The current political climate spurred veteran metal band Queensryche to dedicate much of its upcoming tour to material from its 1988 concept album, “Operation: Mindcrime,” and its 2003 studio set, “Tribe.”
“The albums were actually written in two different time periods that have a lot of similarities,” singer Geoff Tate told Billboard.com. “For instance, we have this really ultra, kind of right-wing government in charge right now and the ‘Mindcrime’ era was this ultra right-wing Reagan era. We were at war and now we are at war again. We are in kind of the same situation again with a lot of unfinished business.”

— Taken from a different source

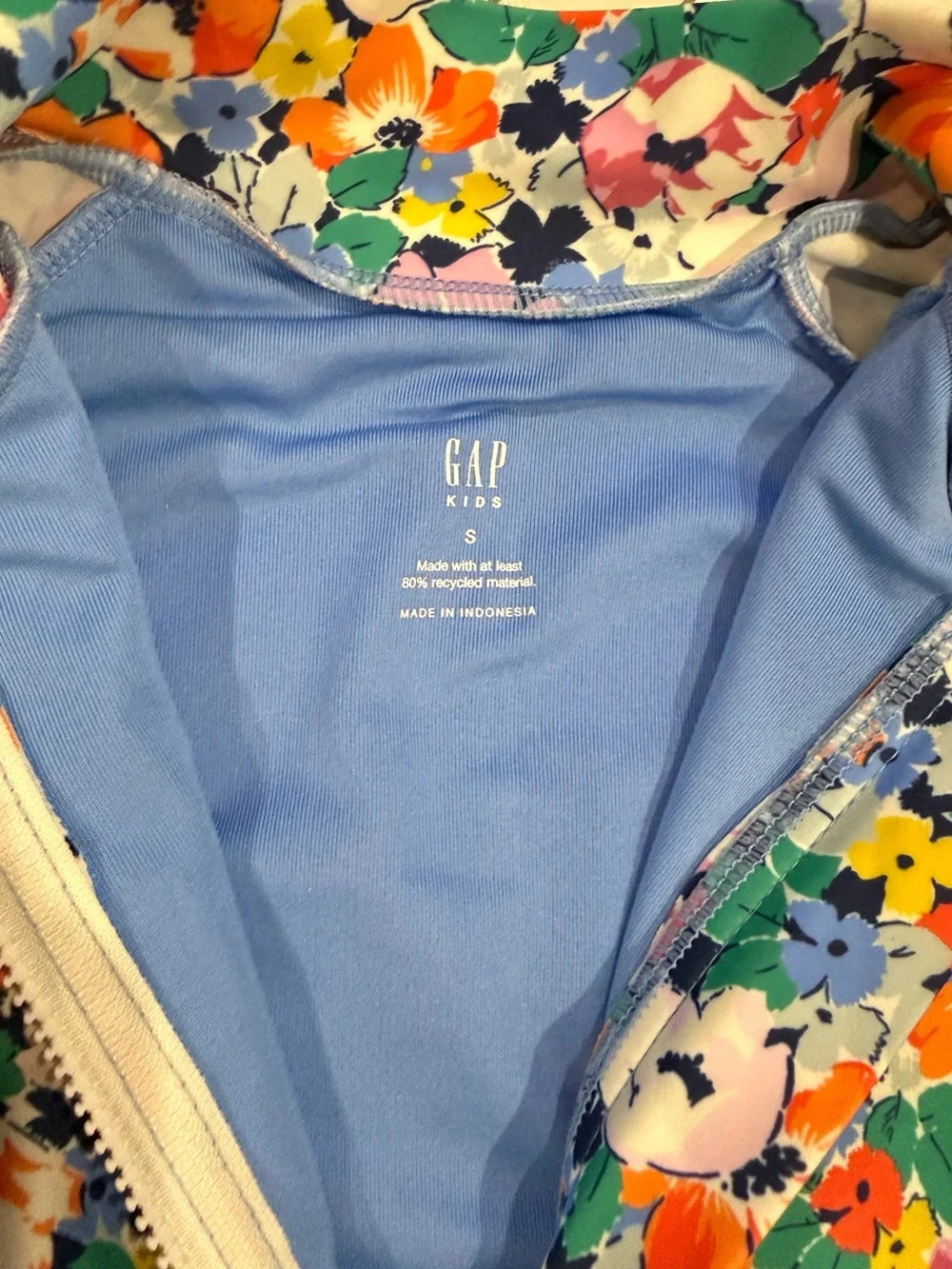 GAP Floral Longsleeve Swimsuit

Business for Queensryche also involves the April 20 DVD release “The Art of Live,” which was shot in black and white and documents the band’s 2003 tour in support of “Tribe.” While Queensryche’s impending trek is ostensibly in support of the DVD, Tate discounted the notion of adhering to conventional music industry marketing principles. “At this point in our career, we don’t think in those terms anymore, of promoting a product,” he said. “We just go out and tour.”
Queensryche’s tour begins April 15 at Detroit’s State Theatre. Its lineup includes touring guitarist Mike Stone, who replaces original member Chris DeGarmo, as well as singer Pamela Moore, who played the role of Sister Mary on “Operation: Mindcrime.”
For a band that is often pigeonholed into the late ’80s hair-metal scene and perhaps was left in the dust of the grunge era, Tate believes Queensryche’s credibility remains intact.
“It just depends on what you want to do with your life,” he said. “We never looked at our career or our music as a sporting event. We’re not out there competing with another band or anybody musically or monetarily. We’re just writing music, playing music and traveling around and playing our music for people. And it is really a simple concept.”